The Mongolian and Tibetan Affairs Commission (MTAC) promised to help Tibetan refugees yesterday, saying those who entered the country illegally may be granted legal resident status.
More than 100 Tibetans have been staging a sit-in at Liberty Square in Taipei since Tuesday, demanding that the government grant them legal resident status or at least a work permit.
They were forcibly removed from the demonstration site and dropped off in the outskirts of the city, including Guandu (關渡), Nangang (南港) and in the mountains in Neihu (內湖) at around 3am yesterday.
PHOTO: WANG YI-SUNG, TAIPEI TIMES
While a majority of the group — who speak little Mandarin — struggled to find their way back, 10 members who have been living in Taiwan for decades and are naturalized Taiwanese turned to the commission to plead for help for their Tibetan comrades.
“There are hundreds of Tibetans out there who entered Taiwan on forged [Indian and Nepalese] passports — they don't have stable jobs because they cannot legally work here,” Taiwan Tibetan Welfare Association chairman Jangka (蔣卡) told reporters.
“They live in extreme poverty and often wake up in the morning not knowing where their lunch and dinner will come from.
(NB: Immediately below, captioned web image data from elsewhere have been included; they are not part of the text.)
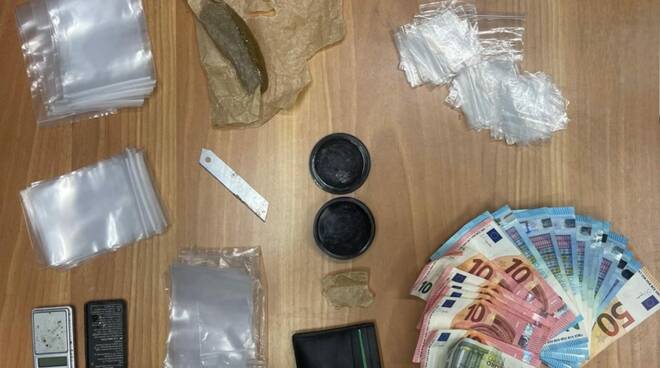 Napoli, Centro storico: preleva ovuli di cocaina dal cavo orale. Scoperta 44enne e arrestata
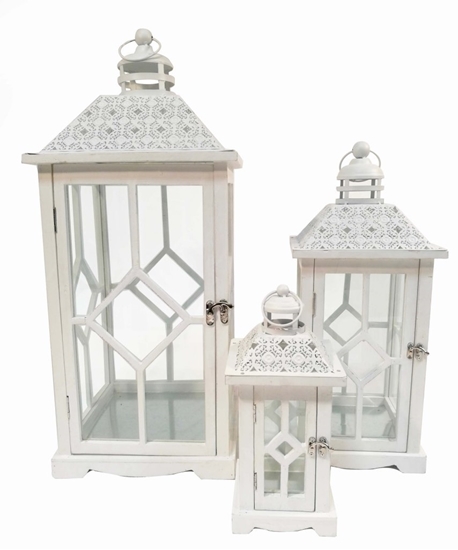 Immagine di LANTERNA S/3 BIANCHE C/LIST. ROMBO P.16X16H34 GR.31X31 H73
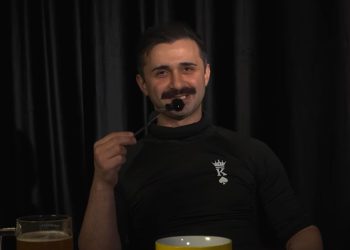 ,, ჩვენ, ღარიბები, მიცუბიში კოლტებით, ოპელ ასტრებით მიწისქვეშაში ვაჭრობით, მაინც მოტყუებულები ვიქნებით მუდამ” – სანდრო ცხადაძე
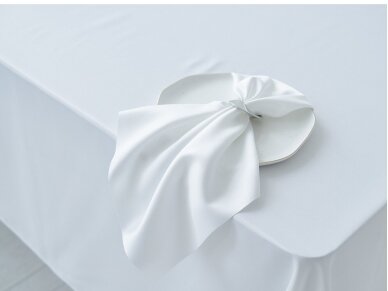 White, round tablecloth SATEN 5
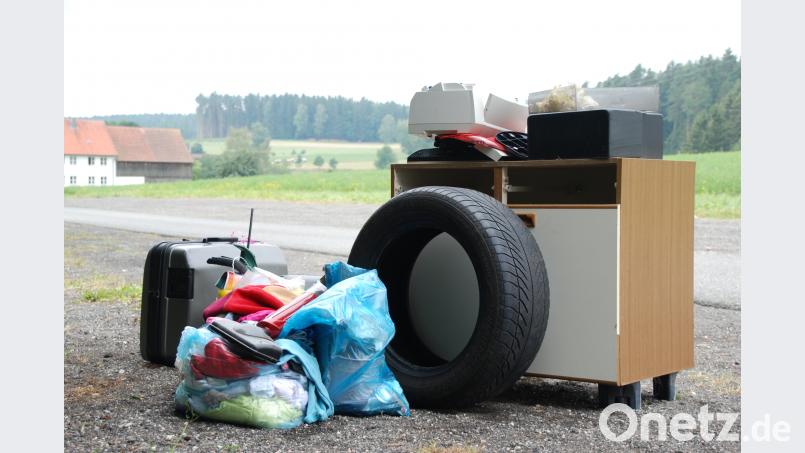Verlassen und nicht abgeholt: In Teunz hatten die polnischen und tschechischen Sperrmülltouristen je ein Zwischenlager eingerichtet (im Bild: beim SpVgg-Fußballplatz). Diese sind bis auf einige unbrauchbare Sachen mittlerweile wieder aufgelöst. Portner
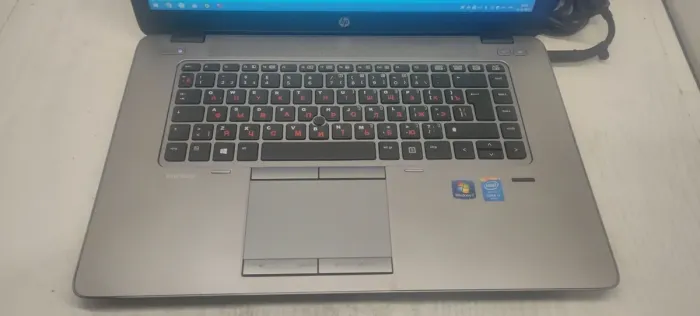 Ноутбук Б-клас HP EliteBook 850 G2 / 15.6" (1920x1080) TN / Intel Core i7-5600U (2 (4) ядра по 2.6 - 3.2 GHz) / 16 GB DDR3 / 1000 GB SSD / AMD Radeon R7 M260X, 1 GB GDDR5, 128-bit / WebCam б/в - зображення 4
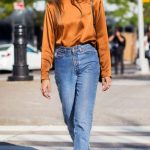 How to Wear Vintage Mom Jeans: Best 13 Old School Outfit Ideas for .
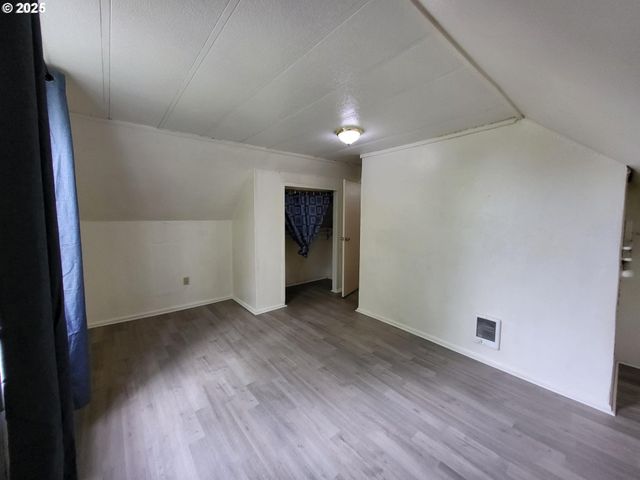 347 Ne OAK St, Sheridan, OR 97378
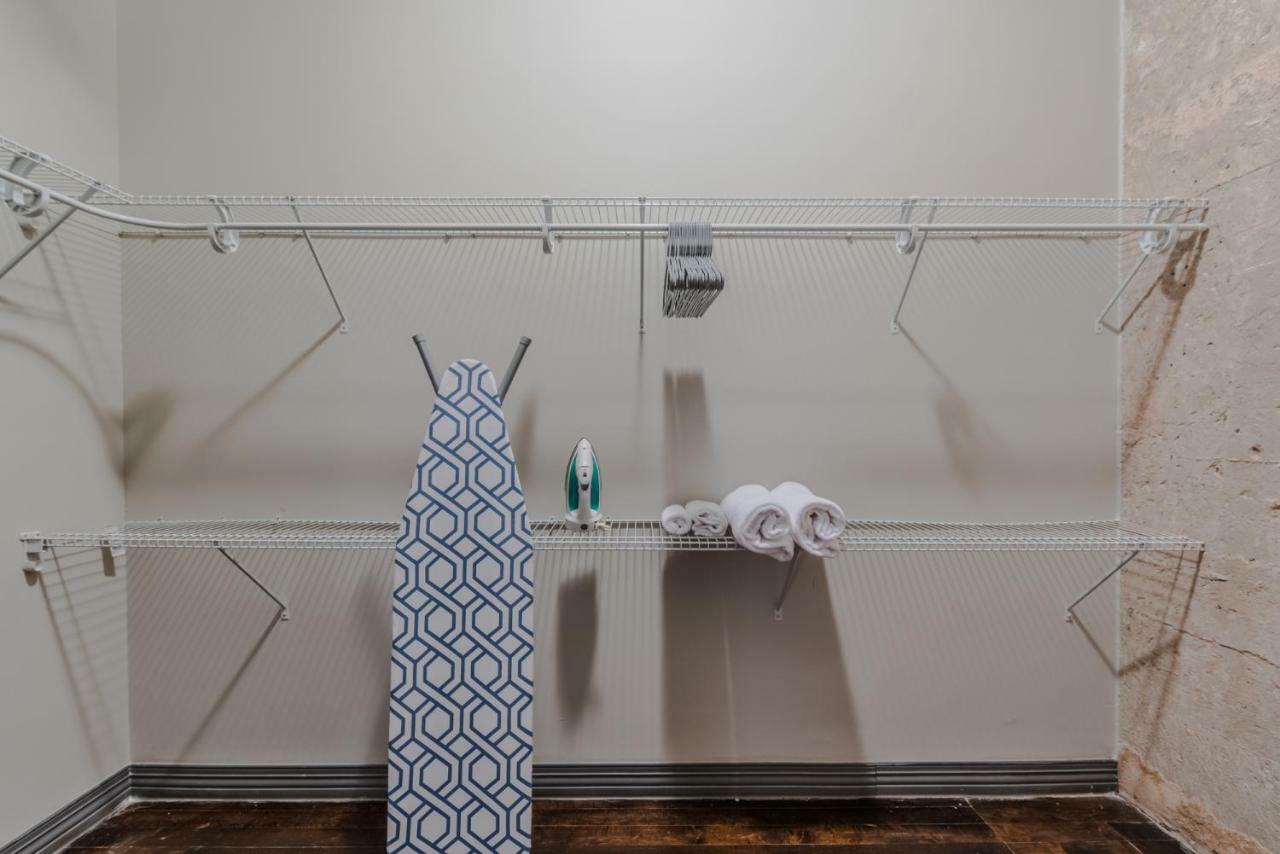Regal Corporate - Downtown Apartment *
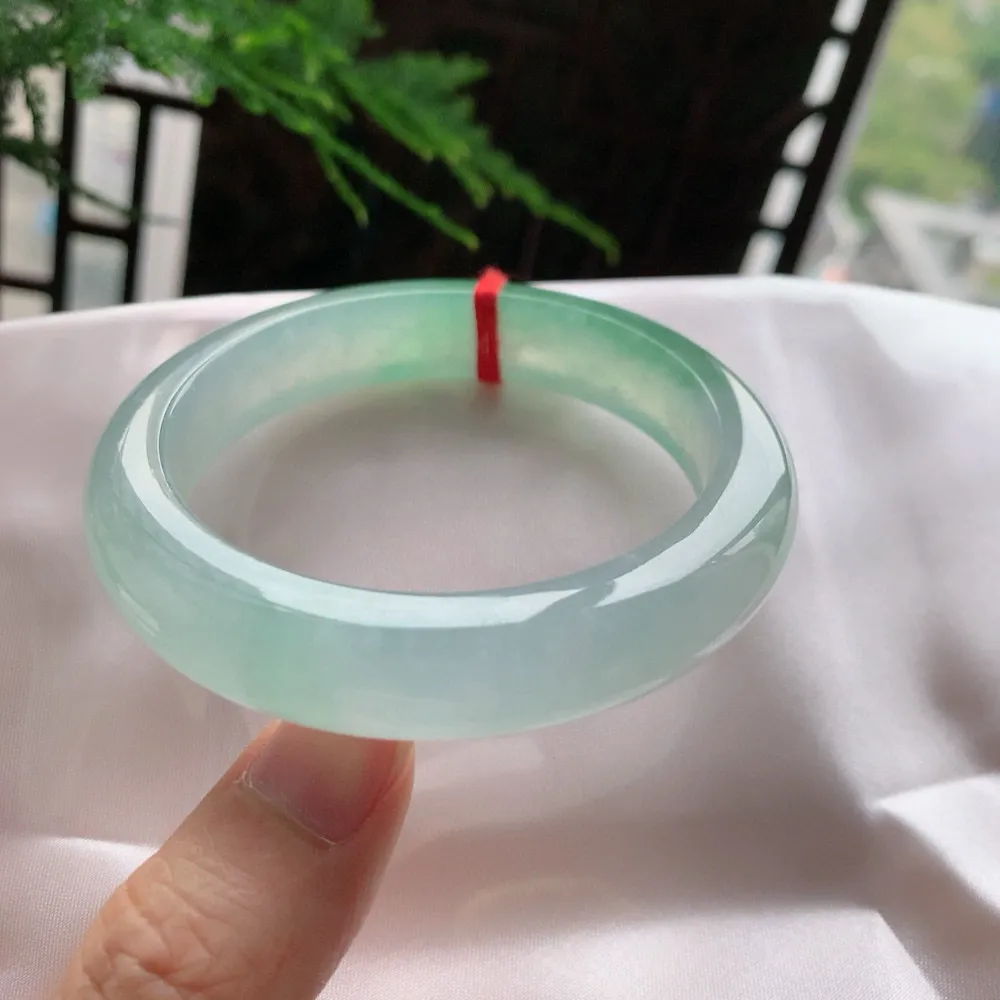 正圈高冰阳绿 无瑕 尺寸:56.2/12.5/9.3 种色兼备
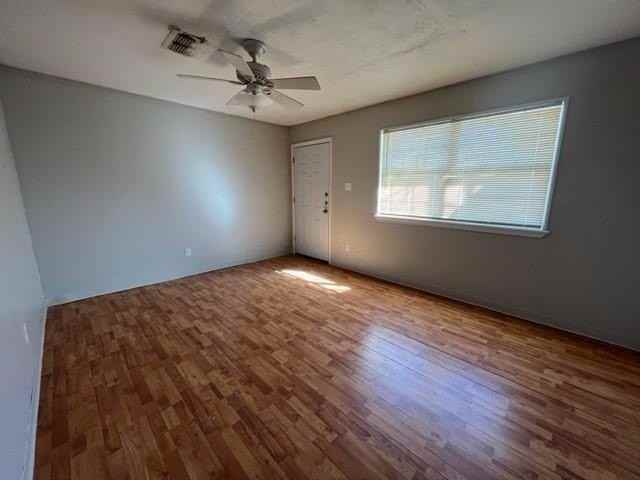 2410 Yorktown Dr - Photo 3 of 14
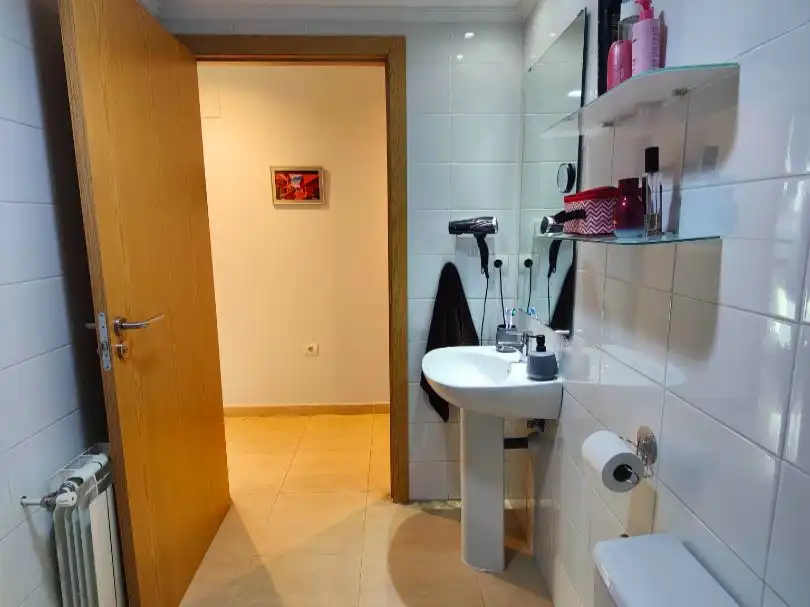 Bathroom of Flat for sale in Badajoz Capital  with Air Conditioner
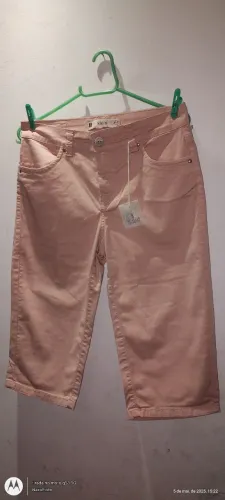 Calça corsário c/ detalhes Swarovskis.Tam 42 . Nova.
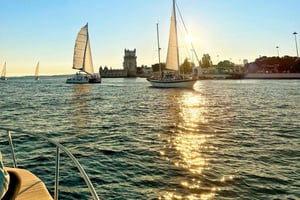 Lisbon: Boat Tour with sunset option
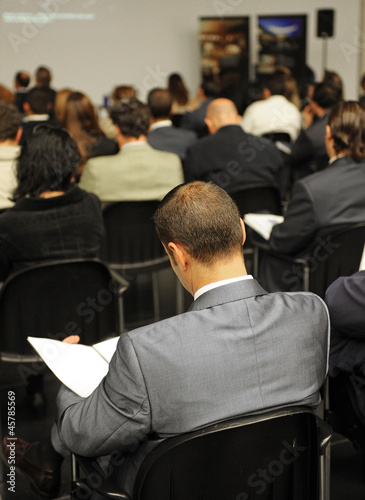 Photo: Hombre de negocios en una reunión comercial Hombre de negocios en una reunión comercial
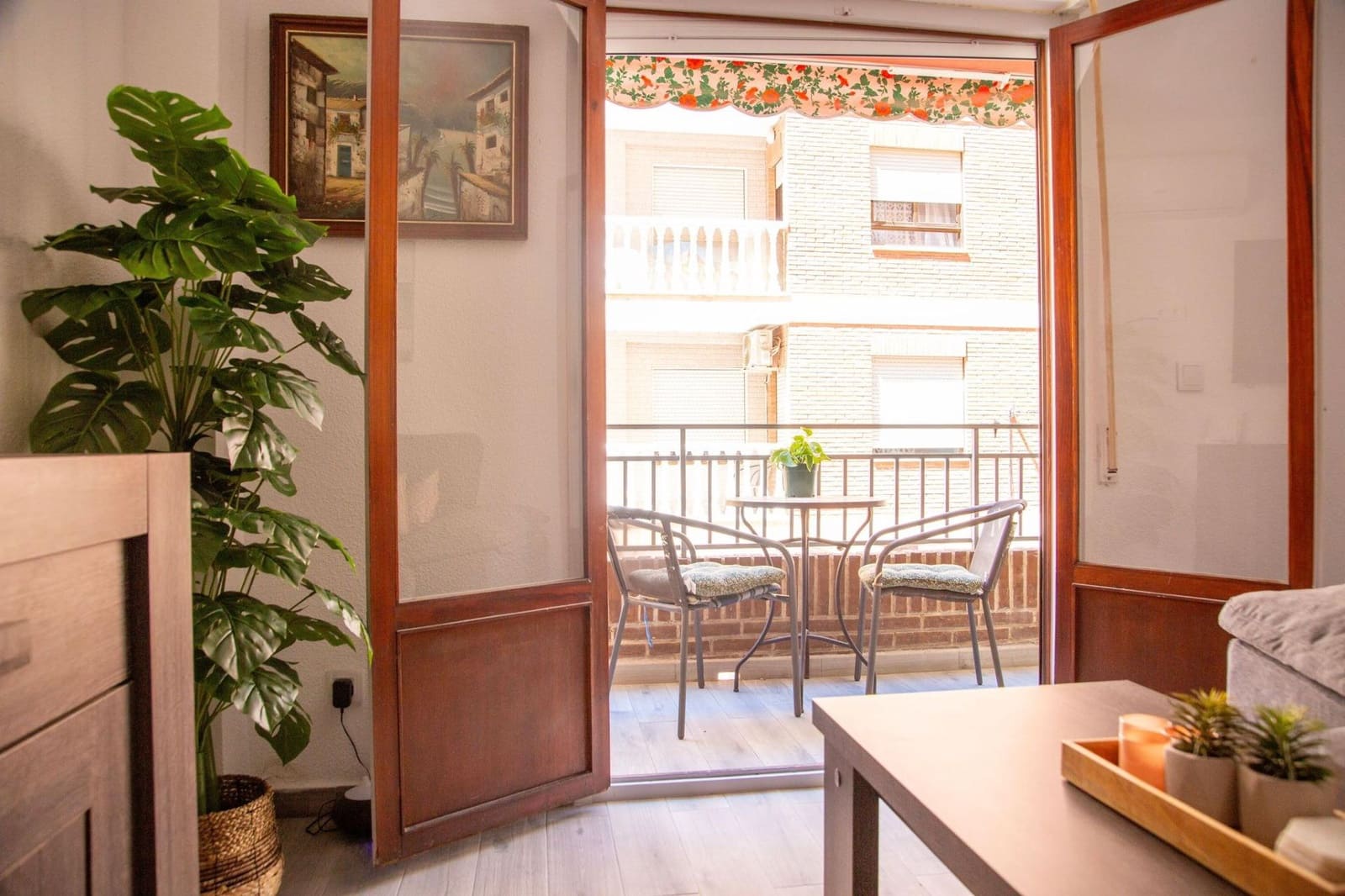 2 sypialnia Mieszkanie do wynajęcia w Torrevieja - 1 100 € (Ref: 9409429)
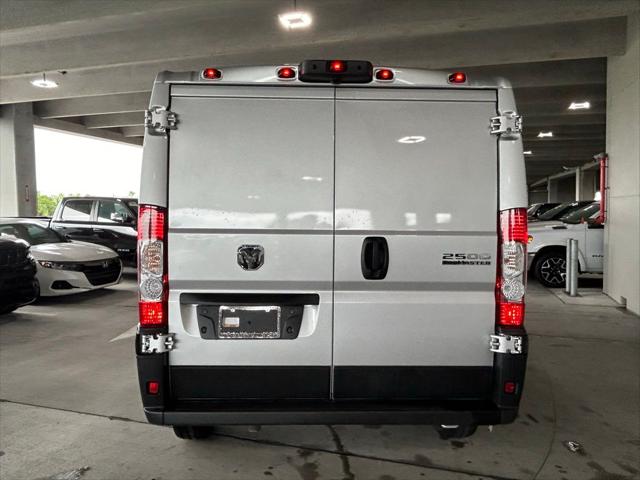 2025 Ram ProMaster 2500 Cargo Van Tradesman Low Roof 136" WB w/Pass Seat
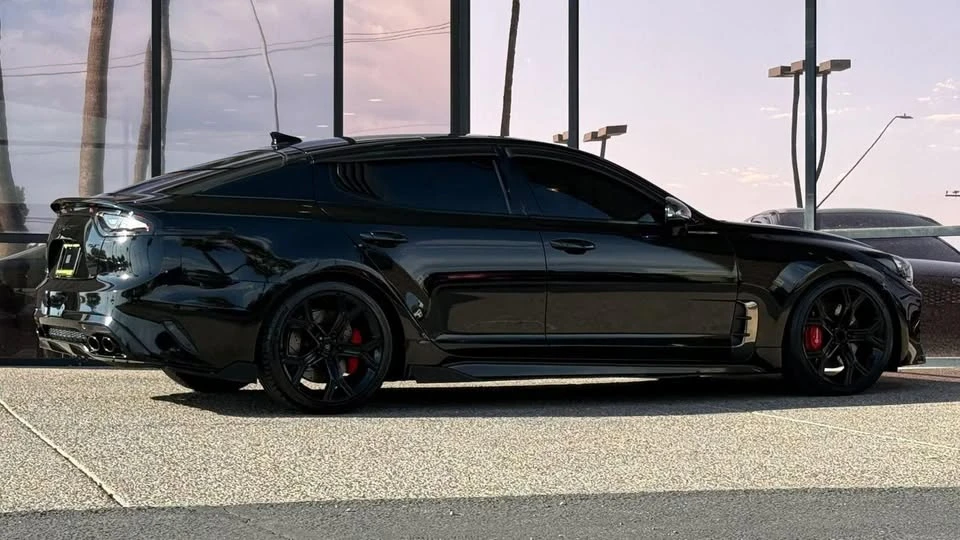 2020 Kia Stinger - Image 13 of 20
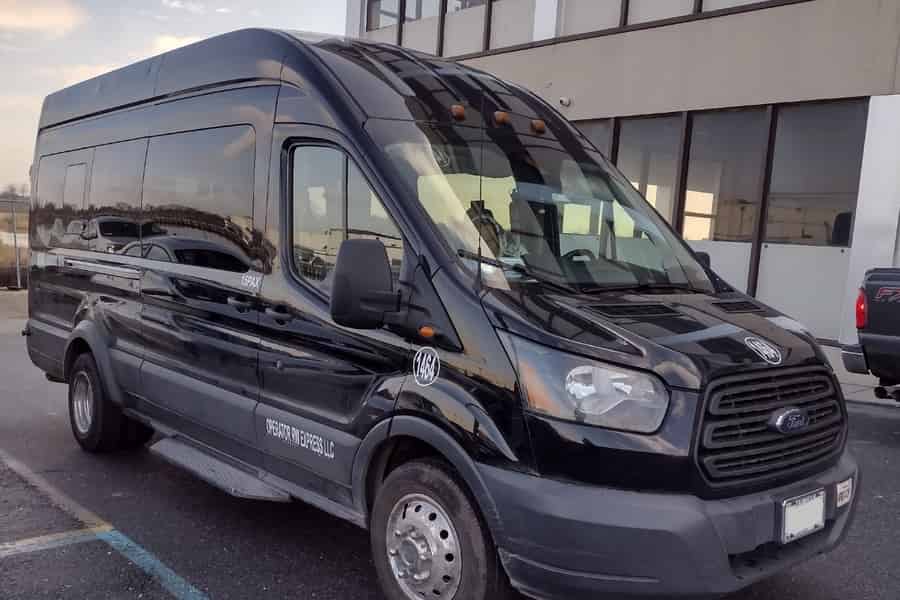 NYC: Einfacher Transfer von Hotels zum/vom Flughafen Newark. Foto: GetYourGuide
They cannot return to India, they have nowhere to go now,” he said.
“Please help them. Give them at least work permits so they can live,” he said.
A Tibetan who has no legal resident status in Taiwan told the Taipei Times that he makes about NT$10,000 (US$299) a month doing part-time jobs and lives with 13 other Tibetans in an 85m² apartment with one living room and two bedrooms.
Commission Secretary-General Chien Shih-yin (錢世英), who received the Tibetan representatives, said that help from the commission was on the way.
“We understand that it's difficult to find jobs without legal status, but it's not an issue that can be resolved by the MTAC alone,” Chien told the Tibetans.
“That's why we're in the process of coordinating efforts with the Ministry of Foreign Affairs, the National Immigration Agency and the Ministry of the Interior to revise the Immigration Act [出入國及移民法]” Chien said. “We're doing something — but please understand that this cannot be done within one day.”
Chien's words failed to pacify the Tibetans.
“You always want us to wait, wait, wait — how long do we have to wait? Ten years?” one of them shouted.
Chien then threatened to discontinue the talk if the Tibetan representatives continued shouting.
Taiwan Friends of Tibet vice chairman Yang Chang-chen (楊長鎮) and Democratic Progressive Party Legislator Tien Chiu-chin (田秋堇), who accompanied the Tibetan, said the government should treat Tibetans without legal status in Taiwan in the same way it treated refugees from Thailand and Myanmar earlier this year.
Around 400 stateless Thai and Myanmar refugees who entered the country illegally were granted temporary residency so that they could work before the Immigration Act is amended.
Chien agreed and promised the commission would try to forward the proposal during Cabinet meetings.